The “hidden costs” talked about in the report come from those election workers sometimes forgoing time off because of extra work, the result of 10 elections over the course of three years. The work of those elections didn’t just include ensuring ballot machines were up and running and keeping voters informed. For many, the job now includes outreach work, trainings on de-escalation and on the drug overdose treatment Narcan, after envelopes laced with fentanyl were sent to election offices in other states.
The stress and complexity of modern elections is enough to create high turnover and low recruitment rates, on top of pay levels for some election positions that aren’t standardized.
“Often they’re set at a level that reflects 20 years ago, when this was a much simpler, maybe even part-time role,” Jackson said.
The report’s recommendations include having a crisis response and communications plan, and established chains of communication between law enforcement and polling places.
“That’s something they should start working on yesterday,” Jackson said.
Ohio has seen mass voter challengesthat have strained resources for even some larger offices, including Wood County who saw 16,000 voter challenges brought by a single person, according to Griffin-Green. Those challenges have not amounted to broad swaths of voters being taken off the rolls, but have caused workers to put aside other deadlines to pore through the lists in response to the individual challenges.
The fact that these voter challenges are happening in more states shows a need for modernization of the system, among other longterm goals, according to Jackson.
“I think it just goes to show that if we don’t invest in election administration, it gets worse through no fault of the people doing it,” Jackson said.
Preserving the “exhaustible resource,” as the report calls the election workforce, has to include investment from municipal governments, all the way up to state lawmakers and the Ohio Secretary of State’s Office.

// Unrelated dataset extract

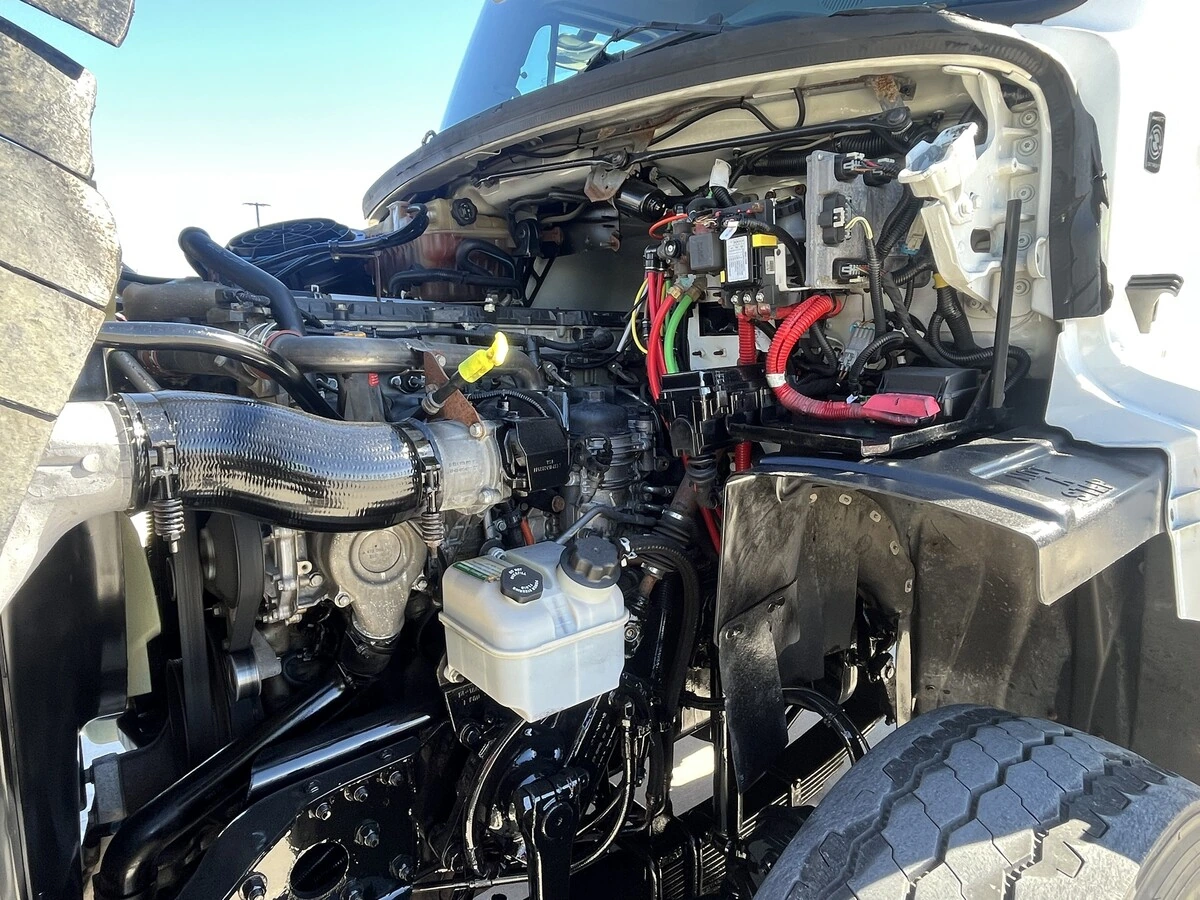 2018 Freightliner 114SD - image 13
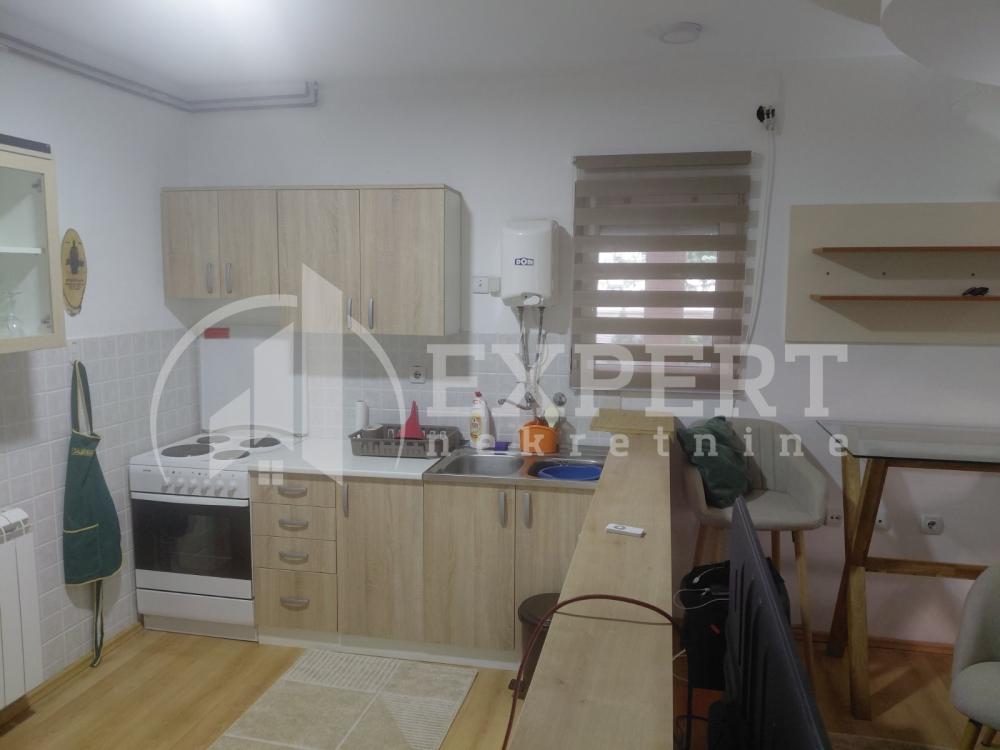 Slika 3 - Momčila Mitića, Jednosoban stan za izdavanje, 40m2, 300€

That should involve consolidating the elections calendar to eliminating unpredictability, including August special elections, which the report found was “the chief complaint of election administrators regardless of political affiliation.”
Griffin-Green and Jackson say the so-called “collaboration ban” passed into law in 2021 has created problems within the system, partly in trying to do too much while hindering some of the work of election administrators.
The law bans boards of elections from partnering with “nongovernmental” entities but the report recommended modifications (if not an outright repeal) to “more explicitly exempt a wider range of voter outreach activities or community partnerships meant to raise public awareness of voting laws, recruit a bipartisan pool of poll workers and educate voters on election safeguards.”
The ban could also be narrowed for “those activities most concerning to lawmakers while permitting others,” including allowing boards of election to look into “supplementary grants” for equipment.
“If you’re concerned about wealthy, private philanthropists from out of state funding activities that could be perceived as partisan, you can prohibit those but still allow people to buy photocopiers,” Jackson said.
Griffin-Green touched on the hot topic of drop boxes, which have been up for debate both in public and in the Ohio Supreme Court as the state and election advocates disagree over whether they should be allowed and if allowed, how many each county should have.
Part of a theme for the report, Griffin-Green said local workers should have their say.
“Election officials need to have the opportunity to choose what works best for their community,” Griffin-Green said.